> EXERCISE PROMPT
Needed from the data below: all lines that contain the word "Spacious".

> EXCERPTED RECORDS
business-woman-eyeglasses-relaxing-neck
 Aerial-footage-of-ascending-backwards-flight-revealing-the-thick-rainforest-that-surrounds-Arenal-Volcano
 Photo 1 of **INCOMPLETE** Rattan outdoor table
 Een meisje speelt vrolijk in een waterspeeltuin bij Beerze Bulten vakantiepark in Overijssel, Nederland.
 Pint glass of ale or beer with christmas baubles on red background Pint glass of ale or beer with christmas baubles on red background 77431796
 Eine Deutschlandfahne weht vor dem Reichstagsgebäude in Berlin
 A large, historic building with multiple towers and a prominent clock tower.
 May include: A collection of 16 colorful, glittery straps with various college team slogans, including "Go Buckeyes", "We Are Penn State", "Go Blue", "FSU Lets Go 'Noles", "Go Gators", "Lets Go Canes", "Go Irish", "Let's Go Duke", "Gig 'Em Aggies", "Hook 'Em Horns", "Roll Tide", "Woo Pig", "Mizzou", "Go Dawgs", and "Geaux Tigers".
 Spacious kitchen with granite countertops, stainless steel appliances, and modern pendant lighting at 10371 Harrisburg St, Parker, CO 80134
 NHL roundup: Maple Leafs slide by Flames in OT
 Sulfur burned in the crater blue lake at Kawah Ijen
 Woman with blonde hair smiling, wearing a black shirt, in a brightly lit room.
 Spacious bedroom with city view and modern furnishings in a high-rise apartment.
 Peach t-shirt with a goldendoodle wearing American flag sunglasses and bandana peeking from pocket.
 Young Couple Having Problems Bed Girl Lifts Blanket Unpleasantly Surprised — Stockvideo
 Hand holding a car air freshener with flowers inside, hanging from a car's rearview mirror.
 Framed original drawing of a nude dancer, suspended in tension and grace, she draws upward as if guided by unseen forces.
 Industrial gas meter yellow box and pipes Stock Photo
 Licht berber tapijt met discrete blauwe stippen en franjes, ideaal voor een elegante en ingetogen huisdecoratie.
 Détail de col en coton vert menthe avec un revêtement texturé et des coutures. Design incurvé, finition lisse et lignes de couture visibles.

> EXERCISE RESPONSE
 Spacious kitchen with granite countertops, stainless steel appliances, and modern pendant lighting at 10371 Harrisburg St, Parker, CO 80134
 Spacious bedroom with city view and modern furnishings in a high-rise apartment.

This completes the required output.